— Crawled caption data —

>>>>>

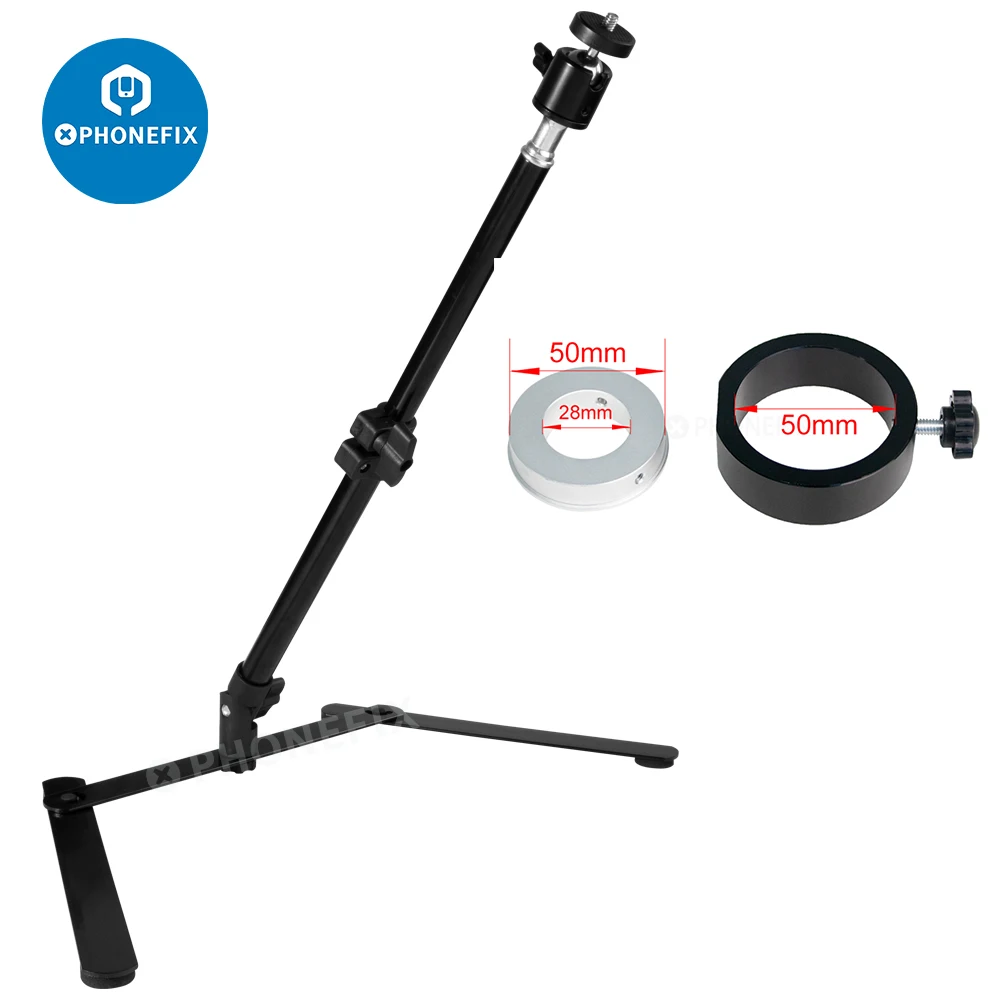 Camera Tripod Overhead Shooting for Digital Video Microscope Camera Holder Photography Lighting Desktop Tripod Stand Foldable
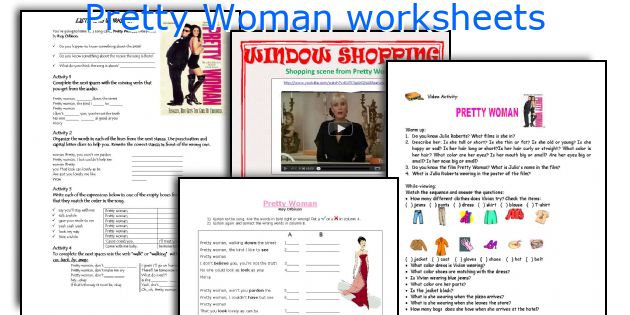 Pretty Woman worksheets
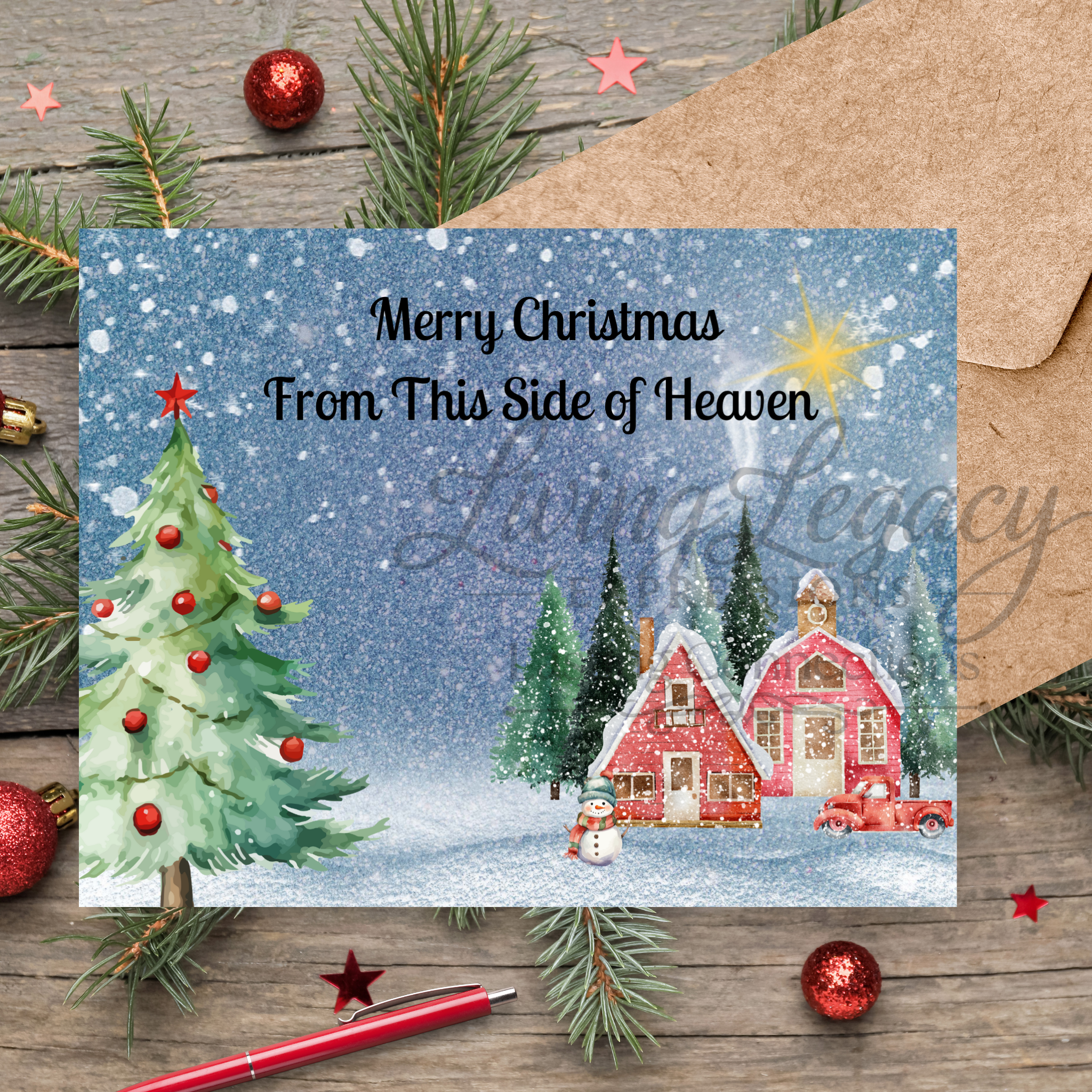 Christmas Remembrance Card – Holding Love Through the Holidays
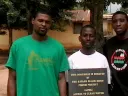 The Harvard team: Darryl Finkton ’10, Sangu Delle ’10, and Ndu Okereke ’10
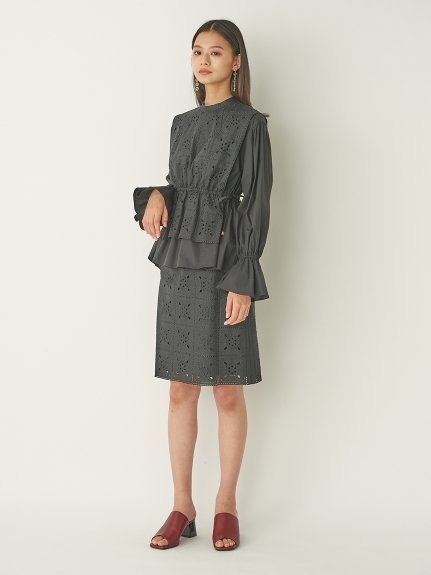 コットンカットワークミニスカート ミニスカート スカート Lily Brown リリーブラウン の通販サイト 公式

<<<<<

— WHAT THIS TASK INVOLVES —
With the images excluded, output every record verbatim.

— EXPECTED ANSWER —
 Camera Tripod Overhead Shooting for Digital Video Microscope Camera Holder Photography Lighting Desktop Tripod Stand Foldable
 Pretty Woman worksheets
 Christmas Remembrance Card – Holding Love Through the Holidays
 The Harvard team: Darryl Finkton ’10, Sangu Delle ’10, and Ndu Okereke ’10
 コットンカットワークミニスカート ミニスカート スカート Lily Brown リリーブラウン の通販サイト 公式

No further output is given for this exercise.